Midwife visit was fine, met my proper midwife, who was lovely. My blood pressure was up but not badly so (130/90) but she said I could be getting lows sometimes to make me dizzy. That didn't make sense to me knowing my blood pressure - she tried to put me through to the team at the hospital but they told me to go to A&E or my GP. So I called the GPs, the stroppy receptionist told me they only had an emergency appointment. Knowing the hospital had said to get a same day appointment at the GP I said I'd have to take that then. I was really worked up about the GP not taking me seriously, but she was absolutely fantastic.

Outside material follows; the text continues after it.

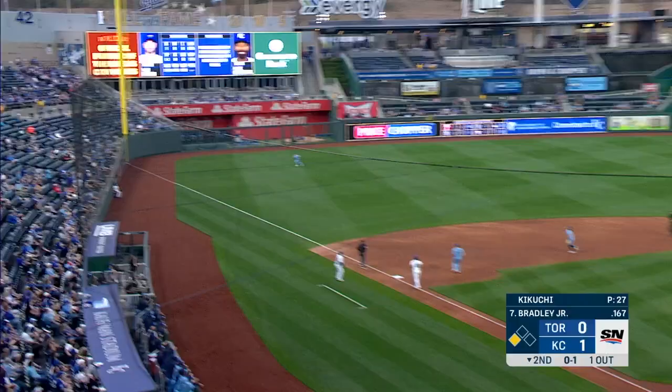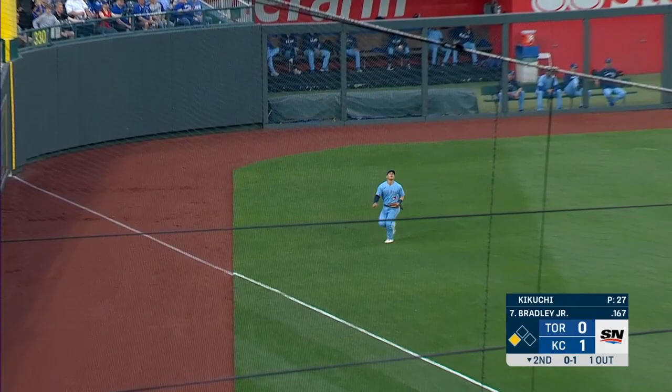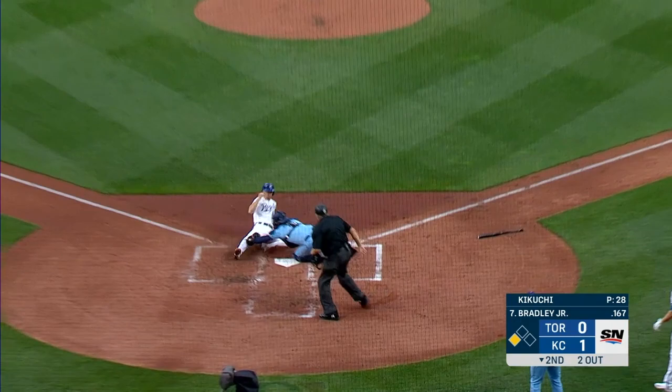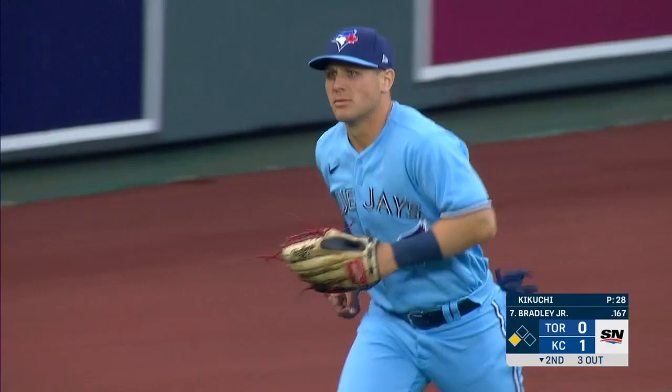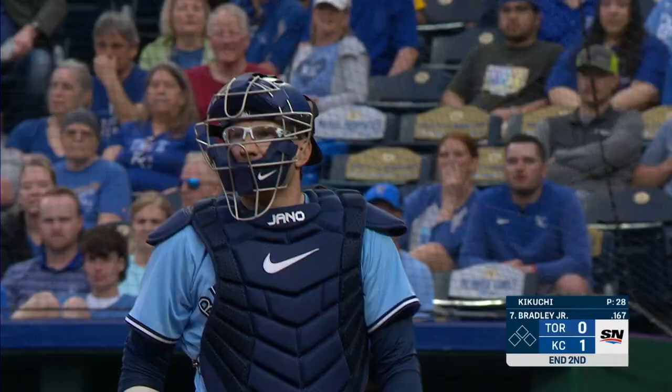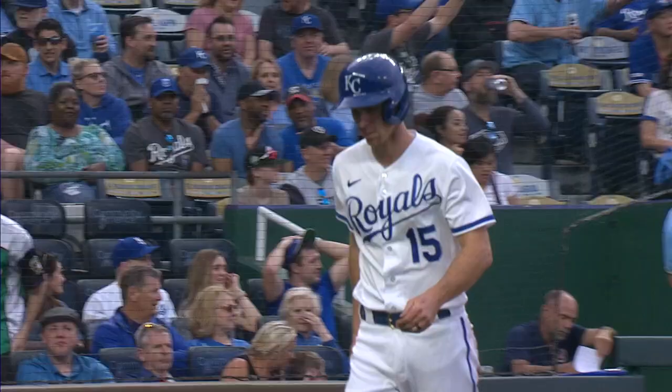Fly ball to left field, Varsho coming over near the line, sets up, makes the catch. Runner tags — right on the money. What a throw by Dalton Varsho, easily getting Matt Duffy at the plate to end the inning.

Very much a 'you know your body better than we can' sort, after she discussed all my options and concerns she said she better listen to the blood pressure, told me to relax, think of being around the Christmas tree with a good movie on the telly, had a listen then said 'well that can't have been a relaxing movie as you're 145/110!'. So she's upped my tablets to almost double the dose, told me to rest this week with my feet up and see what the consultant says on Monday. In her opinion I'd be better on bed rest for the rest of the pregnancy - she offered to sign me off now. However I'm really concerned about letting the team and my manager down at work, and them thinking badly of me for being on the sick for 5 months. The other side of my head says stuff work take every precaution to make this pregnancy go as well and for as long as possible, you won't care about your employer in ten years time but you will still care about your baby more than you ever did even now about work. What would anyone else do? Should I sign myself up for 5 months of lying on the sofa with my feet up, or be a good soldier and keep going in as long as I can? 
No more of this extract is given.